• [Problem requirements]: Once you find the line with "Fresh homemade caramelized" in the listing below, set down exactly every line from it through the line with "salad with roasted bread in white dish", but no pictures.

• [Records provided]:
---*---

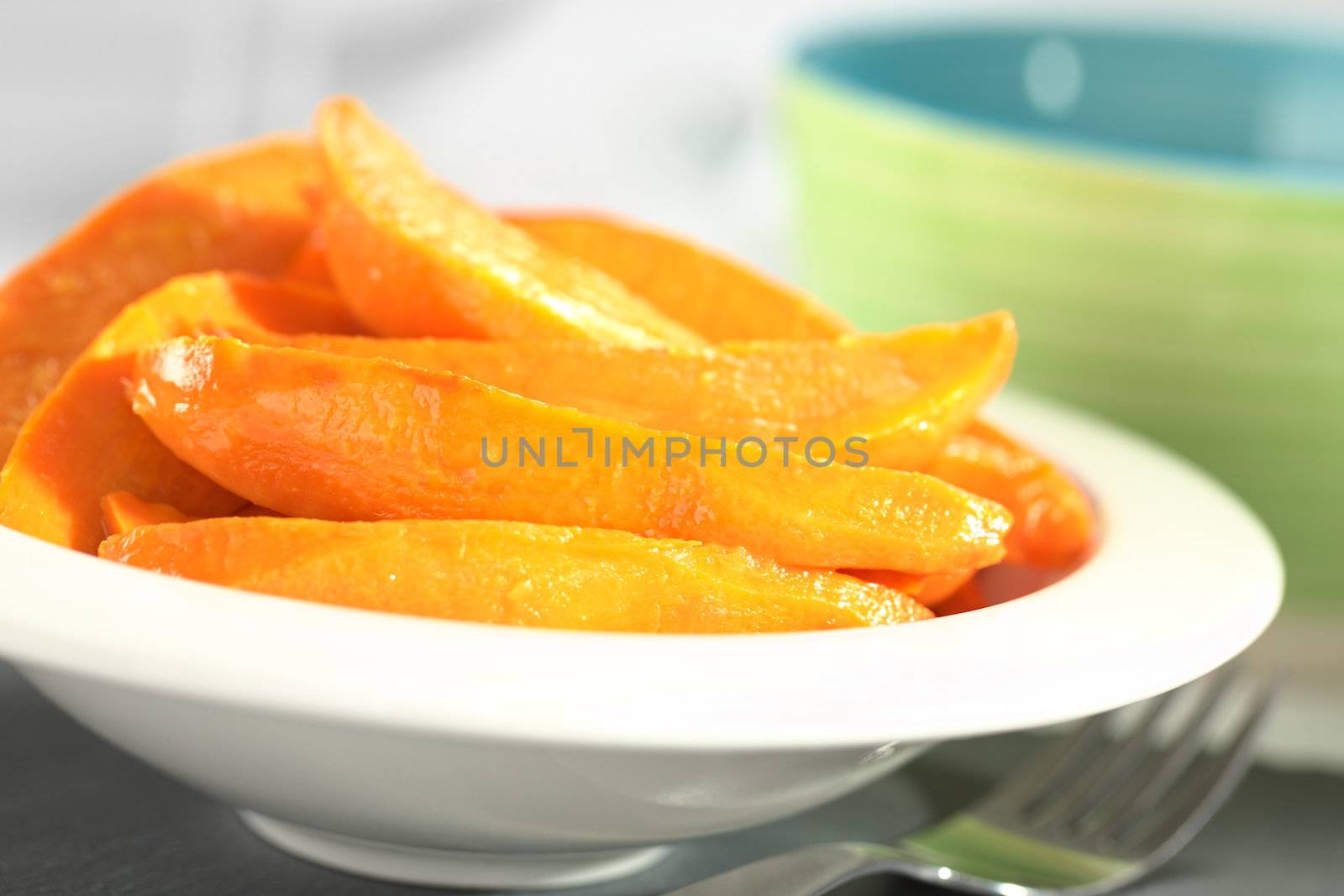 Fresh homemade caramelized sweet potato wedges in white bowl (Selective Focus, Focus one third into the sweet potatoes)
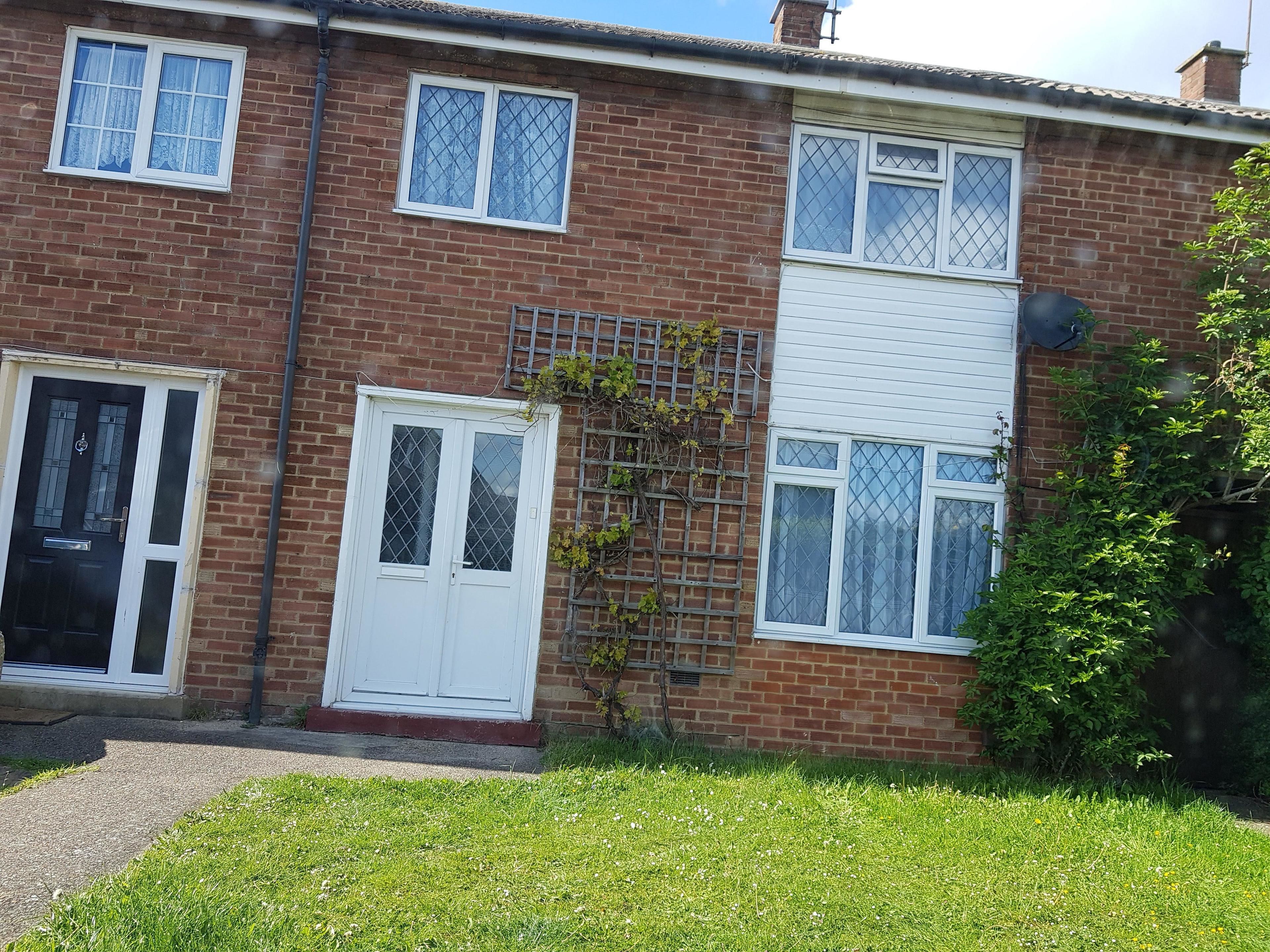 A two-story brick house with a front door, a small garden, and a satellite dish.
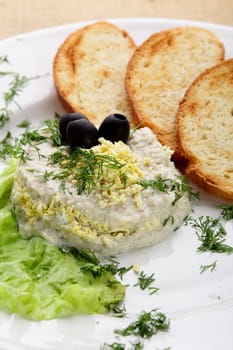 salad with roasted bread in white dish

---*---

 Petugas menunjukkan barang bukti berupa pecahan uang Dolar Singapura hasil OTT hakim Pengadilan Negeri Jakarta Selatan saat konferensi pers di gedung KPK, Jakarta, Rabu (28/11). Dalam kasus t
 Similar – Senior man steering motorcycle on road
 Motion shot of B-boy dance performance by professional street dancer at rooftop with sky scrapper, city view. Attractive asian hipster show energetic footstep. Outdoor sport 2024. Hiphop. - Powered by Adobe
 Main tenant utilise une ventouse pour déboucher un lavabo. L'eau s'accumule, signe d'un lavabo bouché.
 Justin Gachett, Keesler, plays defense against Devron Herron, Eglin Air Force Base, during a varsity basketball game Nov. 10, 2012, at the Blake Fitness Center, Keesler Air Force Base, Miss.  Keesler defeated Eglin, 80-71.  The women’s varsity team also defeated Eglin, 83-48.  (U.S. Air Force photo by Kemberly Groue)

---*---

• [Answer to this task]:
 Fresh homemade caramelized sweet potato wedges in white bowl (Selective Focus, Focus one third into the sweet potatoes)
 A two-story brick house with a front door, a small garden, and a satellite dish.
 salad with roasted bread in white dish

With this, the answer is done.